Live by your architectural decisions, die by your architectural decisions, I'd offer.
Yes, you've got a hunk of flash sitting on your PCI bus. And you've waved your hands and mumbled some gobbledygook about caching metadata, or something like that. And one of your team has claimed Exchange might be 40% faster, but wasn't really sure.
Now, compare that with a PHYSICAL implementation where we know EXACTLY where the data is (on a flash drive) and we can be REALLY PRECISE as to the exact performance differential.
And, if one wants to do this extreme level of performance with VMware's VMFS (or other layer of virtualization, such as Invisita), it's pretty straightforward to do this sort of alignment at either a device or pool level.
I just can't wait to see how NetApp and the rest of the spindle-randomizers are going to get out of this pickle.

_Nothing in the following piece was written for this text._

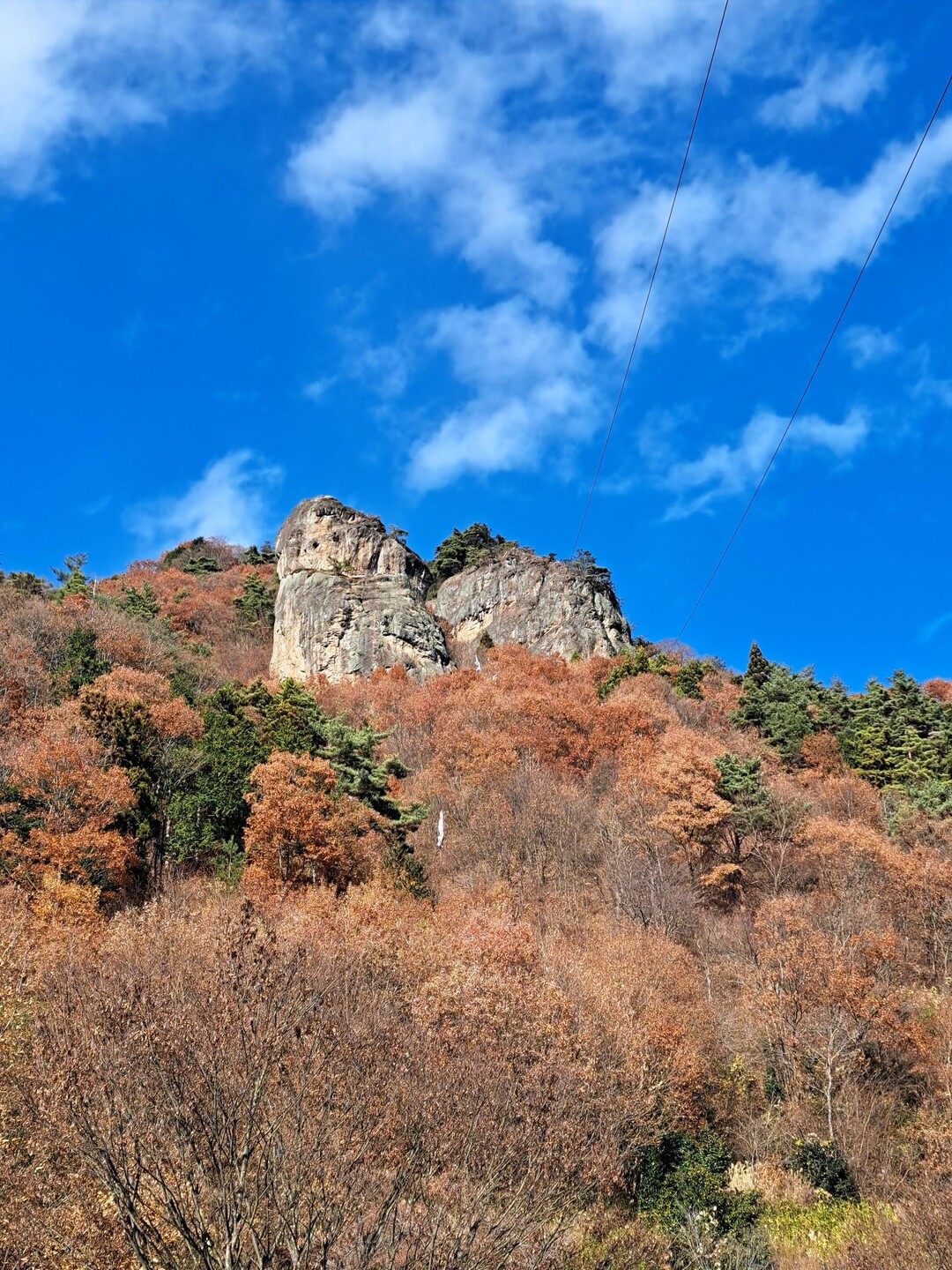 嵩山 / ナノなおさんの嵩山の活動データ YAMAP / ヤマップ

And a strident blog post won't do it, folks.
Posted by: Chuck Hollis | July 20, 2008 at 12:21 PM
Hi!
Chuck, I think, you once again don't get it.

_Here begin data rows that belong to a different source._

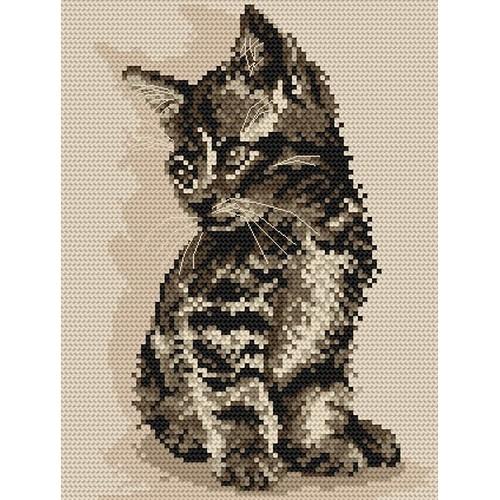 AN 871 Kitten - Tapestry aida AN 871 Kitten - Tapestry aida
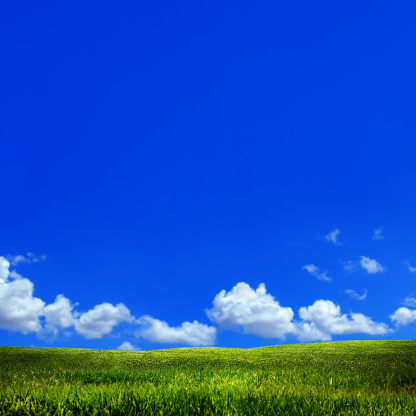 Empty green field and clear blue sky.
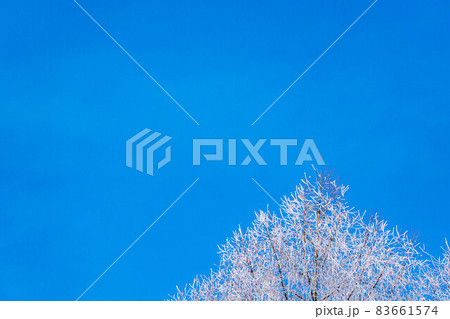 【冬素材】聖高原の霧氷とリフレクション【長野県】 83661574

But at least I understand more of how little you understand of our system design.
Our systems do provide a way for a storage administrator to assign data to physical disks. What we do not require the administrator to do is map the physical disk block to a logical container.
So in your example, using a single FAS system you can choose to put your Oracle log files on an aggregate containing FC disks and your data files on an aggregate containing SATA disks.
How you can take what is a memory expansion unit (http://media.netapp.com/documents/netapp-performance-acceleration-module-datasheet.pdf)
and use that as proof that we do not provide a mechanism for storage architects to assign applications to classes of storage is a mystery to me.
kostadis
Posted by: kostadis roussos | July 20, 2008 at 05:29 PM
So, why aren't you guys supporting real enterprise flash drives?
Keep in mind, the "memory expansion" you reference was positioned as "NetApp Supports Flash Memory" in the press.
And how might you explain the NetApp reference in the article I referenced in the initial post?
Aggregates are a compromise, I'd offer.
You still don't get fine-grained control of what gets written where, do you?
And we've all seen the differences in performance between a partially empty aggregate and a full one.
Unfortunately, with a NetApp device, you just can't turn this off, can you? There's no way to expose native LUNs to applications -- period. There's always some software in the way, even if you don't want it.
And as more people will want greater control of their storage performance characteristics over time -- accelerated by interest in enterprise flash -- I'd consider this an architectural disadvantage.
Good luck trying to convince knowledgeable storage administrators that it's no big deal.
Posted by: Chuck Hollis | July 20, 2008 at 07:21 PM
Well, Jay Kidd finally came clean for NetApp --
http://blogs.netapp.com/jay/2008/07/flash-forward.html
Ever the skeptical one, I'll believe it when I see it!
Posted by: Chuck Hollis | July 22, 2008 at 03:56 PM
Chuck, it seems to me like you are missing what customers are looking for on a few points.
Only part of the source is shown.